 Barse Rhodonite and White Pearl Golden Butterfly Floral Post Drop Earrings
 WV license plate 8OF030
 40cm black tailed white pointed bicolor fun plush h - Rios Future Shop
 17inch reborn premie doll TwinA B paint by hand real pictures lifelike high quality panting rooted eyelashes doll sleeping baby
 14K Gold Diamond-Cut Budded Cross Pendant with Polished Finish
--
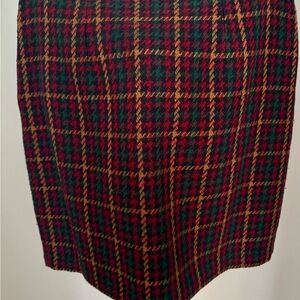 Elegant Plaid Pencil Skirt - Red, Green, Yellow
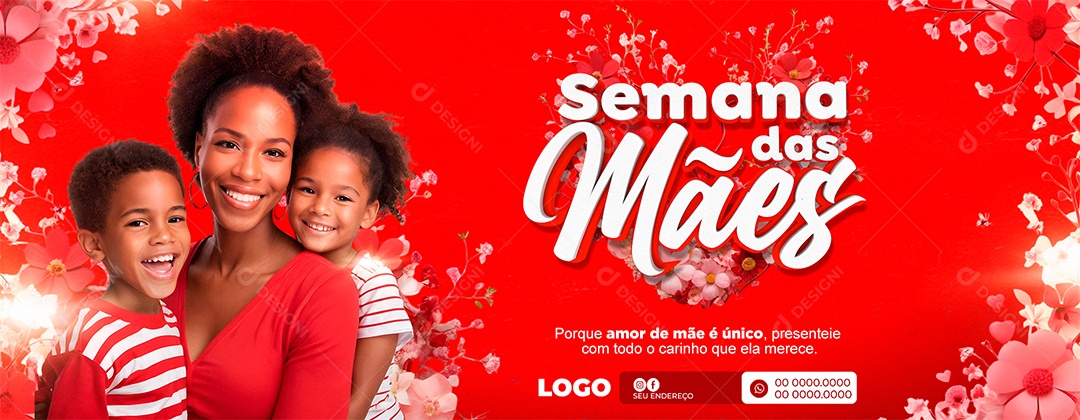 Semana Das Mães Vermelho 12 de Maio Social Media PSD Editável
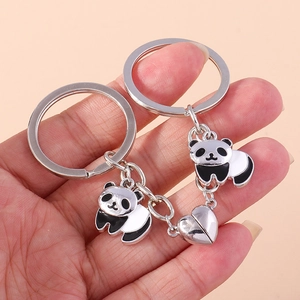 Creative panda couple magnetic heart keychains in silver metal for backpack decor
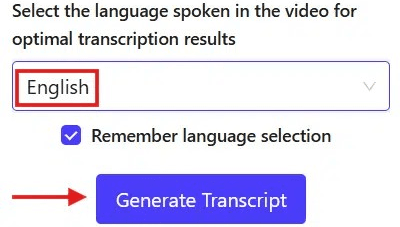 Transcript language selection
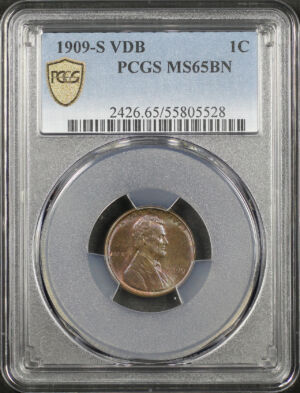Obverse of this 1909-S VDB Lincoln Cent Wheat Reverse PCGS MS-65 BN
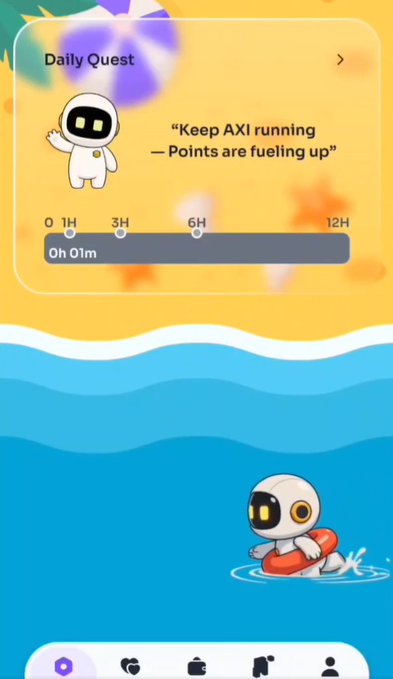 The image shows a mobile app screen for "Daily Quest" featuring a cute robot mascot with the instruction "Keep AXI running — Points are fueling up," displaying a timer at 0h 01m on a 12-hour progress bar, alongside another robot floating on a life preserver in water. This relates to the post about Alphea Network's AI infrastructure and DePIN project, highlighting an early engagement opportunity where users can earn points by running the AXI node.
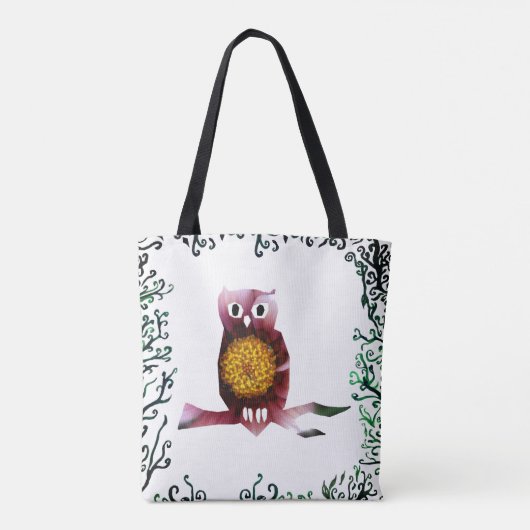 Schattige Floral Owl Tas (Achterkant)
* * *
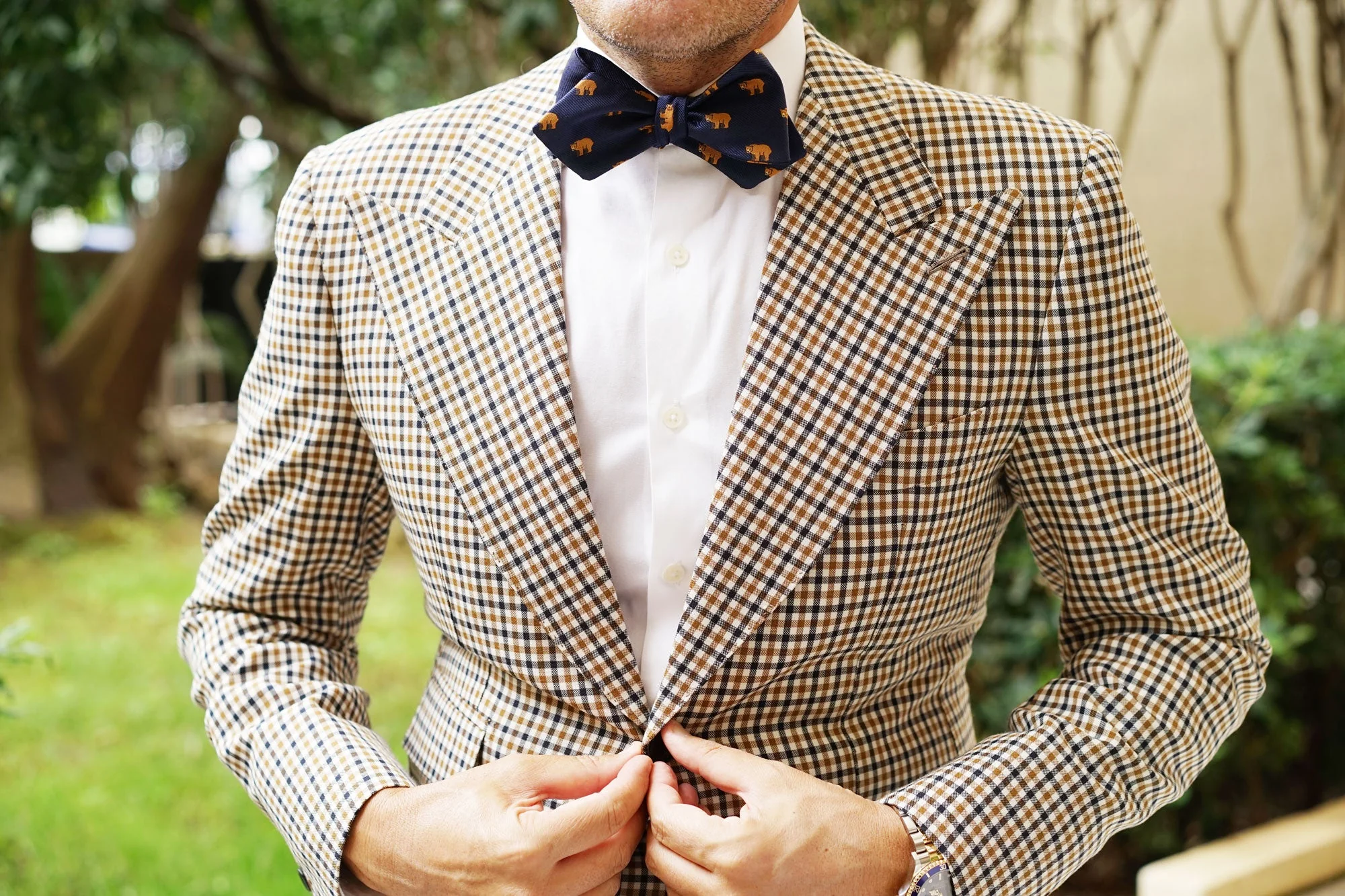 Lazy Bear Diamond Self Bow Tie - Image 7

Work instructions:
Copy exactly the stretch of data above from the line with "Barse Rhodonite and" through the line with "14K Gold Diamond-Cut", and omit all other lines.

Output of the task:
 Barse Rhodonite and White Pearl Golden Butterfly Floral Post Drop Earrings
 WV license plate 8OF030
 40cm black tailed white pointed bicolor fun plush h - Rios Future Shop
 17inch reborn premie doll TwinA B paint by hand real pictures lifelike high quality panting rooted eyelashes doll sleeping baby
 14K Gold Diamond-Cut Budded Cross Pendant with Polished Finish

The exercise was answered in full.